Europa schottet sich ab
Während es zum Ende des Kalten Krieges weltweit nur ein Dutzend Grenzmauern gegeben habe, habe sich ihre Zahl seitdem mehr als versechsfacht, heißt es in einem Fachartikel von März 2022. Diese Mauern hätten vor allem eine Funktion: Irreguläre Einwanderung stoppen – obwohl sich Grenzanlagen in dieser Hinsicht nicht als besonders wirksam erwiesen hätten.
Bei der Abschottung mittels Zäunen ist vor allem Europa vorne mit dabei. Laut einem Papier des EU-Parlaments vom vergangenen Jahr sind die Europäische Union und der Schengen-Raum mittlerweile von 19 Grenz- bzw. Trennzäunen umgeben bzw. durchzogen. Zusammen ergeben sie eine Länge von 2048 km – während es noch 2014 315 km gewesen seien.
Der längste Zaun Europas ist der, den das EU-Land Litauen auf einem guten Teil seiner knapp 700 km langen Grenze zum Nicht-EU-Land Belarus errichtet hat. Die Regierung in Vilnius rüstete nach, nachdem im Spätsommer und Herbst 2021 Tausende Menschen versuchten, irregulär in die EU zu gelangen. Die Europäische Union beschuldigt den belarussischen Machthaber Alexander Lukaschenko, in organisierter Form Migranten aus Krisenregionen an die EU-Außengrenze gebracht zu haben.

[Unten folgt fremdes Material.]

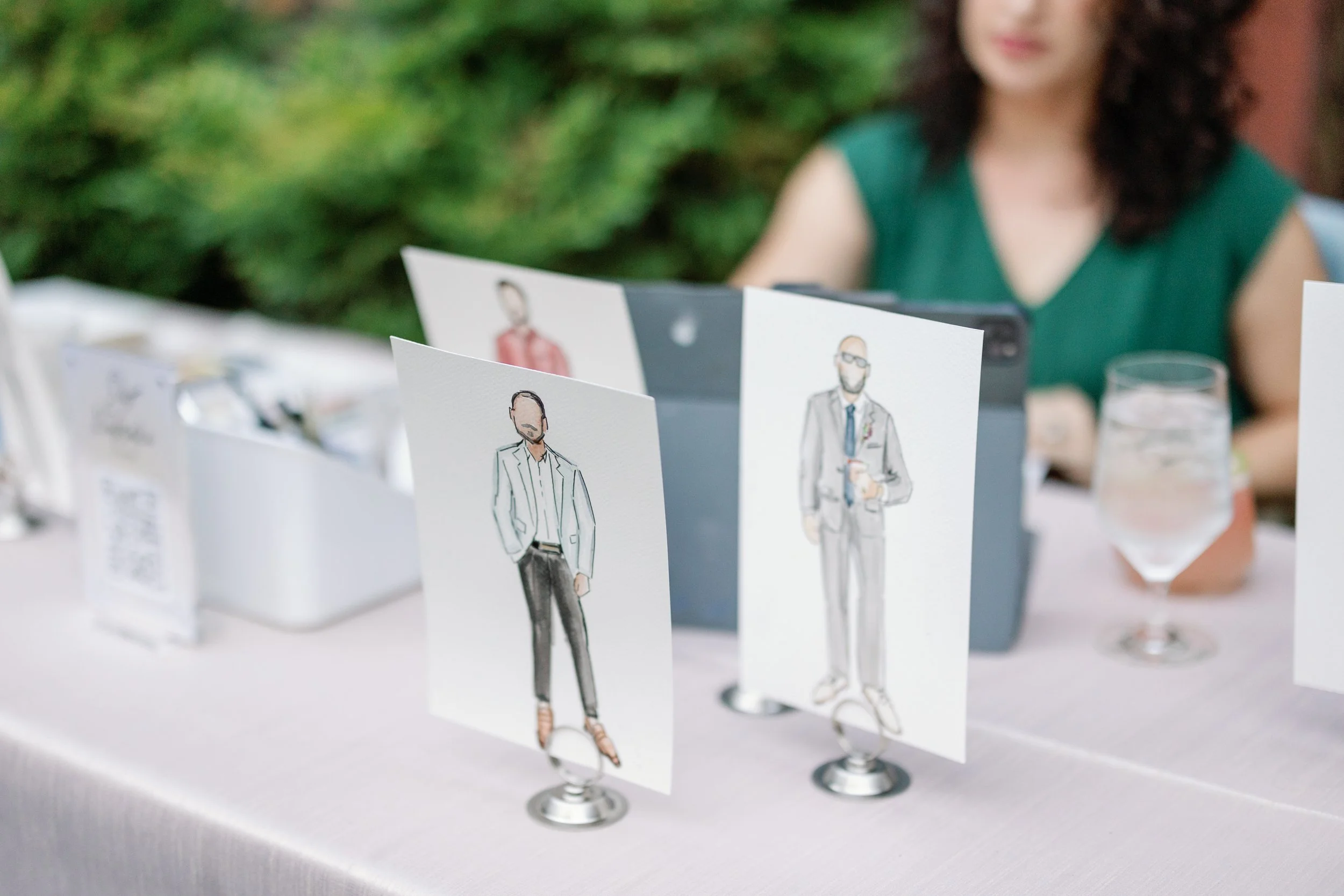 Table with illustrated guest portraits at outdoor event.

Wer nun versucht, von Belarus nach Litauen zu gelangen, den erwarten ein vier Meter hoher Zaun mit Stacheldraht und Überwachungskameras. Hilfsorganisationen wie Ärzte ohne Grenzen haben Litauen und andere europäische Länder wegen ihrer strikten Linie gegenüber Flüchtlingen wiederholt scharf kritisiert.
Vertrieben im eigenen Land
Nicht alle Menschen, die ihre Heimat verlassen, gehen außer Landes. Laut UNHCR machen sogenannte Binnenvertriebene weltweit sogar 60 Prozent, also die Mehrheit aller “gewaltsam Vertriebenen” aus.

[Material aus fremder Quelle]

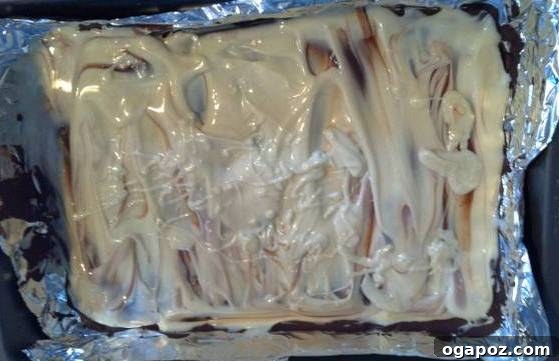 Melted white chocolate being carefully spread over the perfectly set dark chocolate base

In Syrien ist der Anteil derer, die innerhalb ihres eigenen Landes auf der Flucht sind, mit fast einem Drittel der Bevölkerung nach Angaben von UNHCR am größten. Darauf folgen mit circa 13 Prozent Kolumbien und Jemen, mit 9 Prozent Afghanistan, mit 6 Prozent die Demokratische Republik Kongo und mit drei Prozent Äthiopien.

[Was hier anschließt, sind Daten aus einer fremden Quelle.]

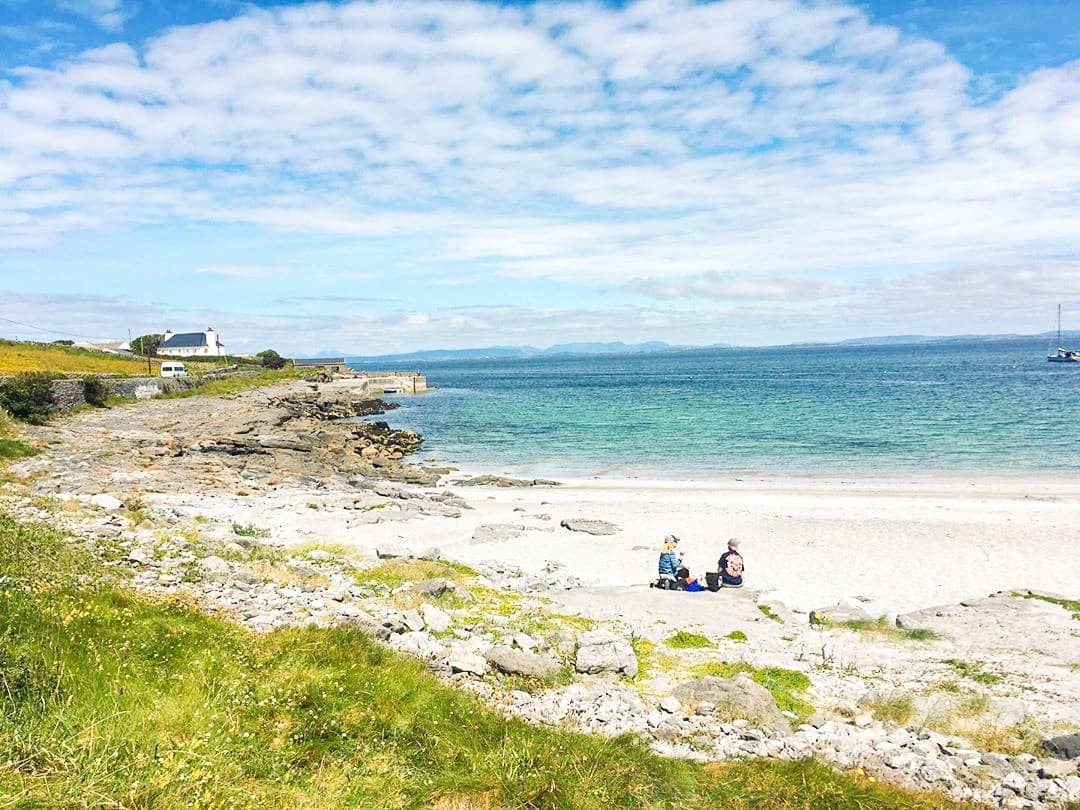 Travellers on the beach on Inishmore on the Aran Islands in Galway, Ireland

Diese Zahlen schließen allerdings nur durch Konflikt und Gewalt Vertriebene ein, Opfer von Klimawandel und Naturkatastrophen etwa dagegen nicht. Letztere zählt das Flüchtlingshilfswerk gesondert. Demnach wurden im Laufe des Jahres 2021 23,7 Millionen Menschen aus Umweltgründen zu Binnenvertriebenen. Die größten Vertreibungen fanden in China, den Philippinen und Indien statt. Doch für Menschen, die etwa wegen Überschwemmungen oder Dürre innerhalb ihres Landes migrieren, geht es oft vergleichsweise schnell wieder in die Heimat zurück.